Открывая свой “новомирский” цикл накрепко прошитым четырехстрофным стихотворением, Кекова закольцовывает его последним пятистрофным, используя ту же шестистрочную строфу (аа-бб-вв). “Мне сон удивительный снится…” Музыкально — уравновешенность и гармоничность, в смысловом отношении — насыщенность “сокровищами наших сердец”— щемящей красотой природы, преходящей, неуловимой. (Как писала “противовес” Кековой в прозе, Петрушевская, — истребимой, истребимой.) Кекова пытается уловить неуловимое, спасти от истребления истребимое.
В какую великую книгу сокрыть, уберечь от Суда
стрижей боевую квадригу, подземных кротов города,
зари угасающей алость, воды ледяное стекло
и эту щемящую жалость к тому, что навеки прошло?
Что такое — этот цикл Кековой?
Это — ответ на без-o╒бразие окружившего и душащего нас пространства, усеянного обломками смыслов и объедками культур. Ответ — не грозной и едкой полемикой с проводниками и агентами его, а созиданием, упрочением, поминовением. Кекова — между: запутанностью красот Беллы Ахмадулиной и глуховатой жесткостью Елены Фанайловой. Между: пафосом шестидесятников и прикусом постмодернистов. Она филологична, но в стихах ее нет, слава Богу, привкуса филологии. Она находится внутри традиции, и это не поза, а образ жизни. Именно здесь у Кековой сходятся modus vivendi и modus scribendi.

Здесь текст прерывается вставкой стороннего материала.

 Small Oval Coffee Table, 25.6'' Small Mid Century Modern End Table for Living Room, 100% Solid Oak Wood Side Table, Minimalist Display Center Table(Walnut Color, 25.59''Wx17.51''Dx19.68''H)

Тем не менее — опасности Кекову подстерегают, и опасности эти вырастают именно на осмысленно избранном пути. Опасности эти преодолимы — если поэт захочет их преодолеть, а не будет настаивать на уже благоприобретенных чертах своей поэтики. Опасность первая: монотонность. При таком богатстве строфики русского стиха — все-таки явная ограниченность выбора. Опасность вторая: старательность. Прозрачном — чердачном, кипятит — летит, лес — вес, ночи — свечи. Зачем же уж так себя стреножить?
И, наконец, опасность третья, самая деликатная: настойчивое обращение к религиозной символике. Мне совсем не хочется избавления Кековой от таинственного и потустороннего — но невозможно пестрит: Владычица, Голгофа, Божий лик, Лазарь, Спас, Суд и Храм превращаются, увы, иногда в переизбыточную декорацию (прости меня, Господи).
Кстати: в том же, апрельском номере журнала напечатано письмо читательницы, тоже, как и С.Кекова, проживающей в Саратове, — “Имя Божие как орфографическая проблема”. Н.Герасимова, корректор по профессии, обсуждает проблемы написания религиозных христианских обозначений и утверждает благоговейное отношение к имяславию через правописание. И справедливо. И аргументированно. Она же напоминает об отнюдь не междометии в знаменитом стихотворении Мандельштама — “Образ твой, мучительный и зыбкий…” Должна признаться, что вот уже давно продумала, но никак не успеваю записать работу об этом стихотворении как о своеобразном ответе — через век — на лермонтовское “Выхожу один я на дорогу…” Божье имя — вылетело из моей груди. Пустыня — внемлет Богу. Все это направление поэтической мысли Кекова помнит и любит. И разделяет:
Смиреннее память, чем инок, надменней она, чем гордец.
Но где вы, в каких палестинах, сокровища наших сердец?
В каком вы покое великом нас будете в вечности ждать,
пред Божьим таинственным Ликом вы сможете ль нас оправдать?..
Религиозность для ее поэзии — существеннейшее качество. Именно поэтому религиозная декоративность в стихах Кековой кажется мне иногда сверхмерной, особенно на фоне строгой, тщательно отобранной деталировки стиха. Но ведь верно и другое: парчовая изысканность и кажущаяся избыточной красота православия выделяют его в особую область прекрасного христианства — рядом с ним аскетическая аура протестантизма проигрывает в своей непоэтичности… И посему — хочется вернуться к стихотворению, чтобы дочитать до конца:
…Над райской цветущей долиной верните нам зренье и слух…
Иль вы — только пух тополиный, мерцающий в воздухе пух?